Trump Hysteria of the Day

Rod Dreher expresses my feelings on good, bad, and ugly of Trump’s recent executive order regarding refugees better than I could, so I’ll just link to it.

My thoughts: a couple of years ago two Chechen refugees decided to plant bombs at the finish line of the Boston Marathon, killing three people and injuring about 250, 16 of whom lost limbs. They later murdered a police officer.

The family had been received from a war-torn nation with open arms. Mother turned out to be a small-time crook arrested several times for shoplifting. Big brother was a petty thug who beat up women. Russian intelligence twice warned the FBI that big brother was spending his vacations in Jihad camps. Little brother a pot-addled loser. They all lived on welfare; the only member of the family who seemed to hold a job was the sister, who worked as a stripper.

Any sane refugee program would have kicked those filthy assholes out of the country a decade ago but thick-witted lawmakers and lazy bureaucrats couldn’t be bothered.

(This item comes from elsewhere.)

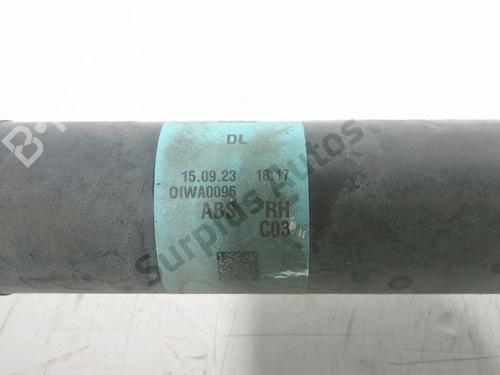 Right front driveshaft KIA OPTIMA (JF) 1.7 CRDi | BP34416360M39 - Image 4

  1. I don’t think the problem is even the ban, it’s that this is a show-ban. It’s meaningless. It’s not actually protecting anyone from anything. The effort and money involved would have been much better spent coming up with, as you mention, a screening program that works. That being said, screening programs work pretty well already.

    1. Is it a show ban? I don’t know. It comes across to me as a spastic gesture in the right direction.
      I have my doubts about the Government Geniuses doing the screening. 12 expired Visas that no gov’t bureaucrat could be bothered to follow up on blew up the world trade center and started two decades of war. The Russians warned the FBI twice about the Marathon bomber, and FBI said “Eh, fuck it.” The jihadist wife of the San Bernadino shooter lied on her visa application. State Department was like, “People lie on visa applications all the time, you expect us to do our jobs or something?”

      1. It’s a show ban because there’s no reasoning to it. Nationality is not a predictor of terrorist activity; but if one wanted to use it as such, Morocco and Tunisia (nationalities of the most recent attackers) should be on the list.

      2. The seven nations listed are mostly failed states where terrorist groups can thrive, so there is the rationale. Egypt and Saudi Arabia are not included for political reasons even though they produce a lot of terrorists, but on the other hand they have functional governments that can cooperate with the state department.
        Feels weird to be defending something Trump did, even if it is a qualified defense.

      3. To make that argument you’re going to have to show evidence that being from a failed state is linked to terrorist acts *More Than* being from a non-failed state. As that evidence does not exist, the position is flawed. The vast majority of terrorist acts are by natives of a country.
        I’m not saying an argument can’t be made for a ban, one could. It just hasn’t been done in this case.

      4. It is probably less a matter of origin and more a mater of traceability. If you come from Saudi Arabia we can know where you were, if you come from Iraq or Syria you are just a big question mark. But that is just me hypothesizing.

      5. To make that argument you need evidence traceability is a substantive factor in terrorism. All of the 9/11 terrorists had detailed immigration files, so traceability doesn’t keep anyone safer.

      6. Traceability would be helpful assuming our Government Geniuses were willing to, you know, do their jobs.

      7. To trace suicide bombers after attacks?

      8. Is terrorism impossible to anticipate?

      9. In a percentage of cases, absolutely.

      10. But not all cases.
        As sympathetic as I am to the notion that governments are incapable of managing complex open systems terrorists tend to fit into discernable demographics (usually young, male, middle-class). They are often highly defective individuals which tends to make them predictable. They are often part of organized groups – the violence is after all political. For the past twenty years or so they tend to Arab Muslims.
        For the chaotic element governments have to resort to the kind of mass prohibitions we are talking about: if we can’t trace your movements, if you come from this list of countries, if you lie on your application sorry, we are going to turn you away for the time being. You may have measles or be smuggling coke or might want to blow us up, etc.